Todos conocían las normas básicas: prohibidos los teléfonos, prohibido tomar notas, prohibido salir hasta que se levante la sesión. Atención total. Confidencialidad absoluta. Se sentaron después de que lo hiciera el consejero delegado, que arrancó su discurso tras un saludo inaudible y mordido. La voz, que carecía de acento, poseía la vibración de un látigo de acero.

—Desde el próximo lunes cambiaremos la política de comunicación de la corporación. Me he cansado de las fake news que nos acosan. Estoy harto de poner en práctica estrategias de proactividad y discurso responsable.

Calló. Disfrutaba con el efecto de sus palabras en aquellos hombres que presumían de poderosos una vez que salían de la sala en que se encontraban. La mayoría habían aprendido a permanecer inexpresivos.

—Así que contraatacaremos sin descanso. Sin dejar pasar ni una. Acusaremos de falsedad a quienes nos pongan en solfa, amenazaremos con demandas, acudiremos a los tribunales con brigadas de abogados, desacreditaremos a los portavoces o directivos de la competencia. Promoveremos campañas con medias verdades y mentiras completas. Agitaremos las redes sociales. Lo que considere necesario, incluidas falsas encuestas y estudios científicos trampeados. ¿Qué les parece?

Golpeó la madera de haya con el puño mientras apretaba los dientes con gesto enérgico. Esa dentadura no tenía precio. Todos callaron. Prudencia máxima era la norma básica no escrita.

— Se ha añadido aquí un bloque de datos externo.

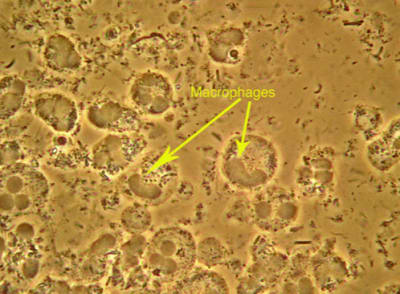 Macrophages whxg0y - Eugenol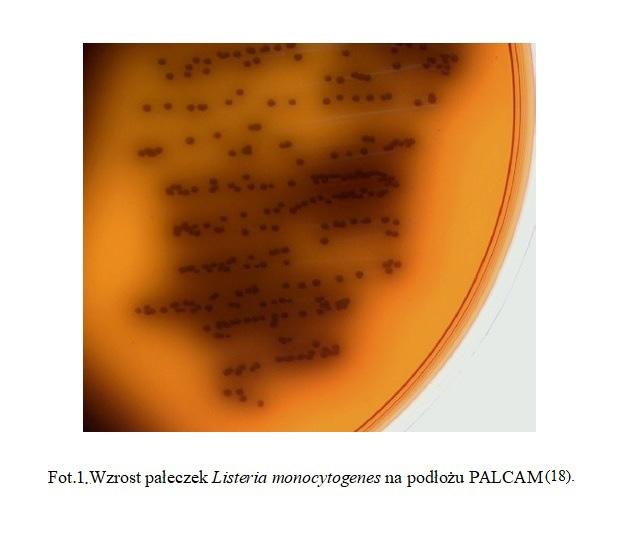 Nr 2-4 Diagnostyka zakażeń L. monocytogenes 195 przeciwciała hamujące wzrost pałeczek Listeria.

—De este modo, he calculado que en el plazo de un año nadie podrá distinguir la verdad de la mentira en nuestro sector. Dará lo mismo encontrarse en posesión de lo cierto que no. La verdad provocará las mismas reacciones que una falsedad grosera. Y viceversa. Eso nos ahorrará el esfuerzo de establecer discursos lógicos y razonables que argumenten nuestros movimientos y acciones. A larga, aliviaremos dinero y recursos, que es lo que esperan nuestros accionistas. Ellos quieren que sus títulos y acciones generen más dividendos. Y para eso trabajamos nosotros.

El embriagador aroma a cedro y ámbar del perfume de quien mandaba lo cubría todo desde hacía rato. Delicado, dominante. Al fondo de la mesa se levantó una mano rematada por un anticuado gemelo de plata con iniciales grabadas. El jefe le concedió la palabra.

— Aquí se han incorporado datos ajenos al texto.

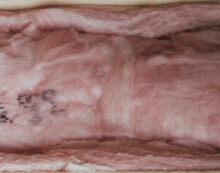 Installing insulation can be hazardous to your health Installing insulation can be hazardous to your health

—Señor consejero delegado, con todos los respetos y si me lo permite, eso último que ha dicho es mentira. Una falsedad como un piano.

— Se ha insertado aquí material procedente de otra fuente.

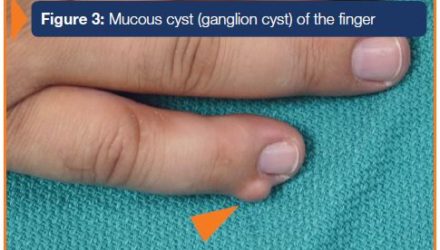 Tumors in the Hand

Brotó un murmullo sordo y huidizo. El consejero delegado lo interrumpió con una sonora carcajada. Señaló con el índice de su mano derecha al de los gemelos de plata.

—¡Bravo! ¡Muy bueno! Veo que has pillado perfectamente la filosofía, la esencia de los nuevos tiempos. Un ejemplo, señores. Todo un ejemplo. Aprendan de él.

El hombre bajó la mano del gemelo lentamente. Esbozó una sonrisa perpleja.

—Desde el lunes, la verdad será lo que a nosotros nos interese. Y punto. Avisen a sus respectivas áreas de los cambios. Pónganse las pilas.

El consejero delegado salió por la puerta del fondo sin despedirse. El helicóptero atronaba en el cielo antes de que el resto hubieran abandonado la sala del cielo. Dentro aún olía a cedro y ámbar. "Te la has jugado, macho", le susurró un compañero al de los gemelos de plata. Sudaba.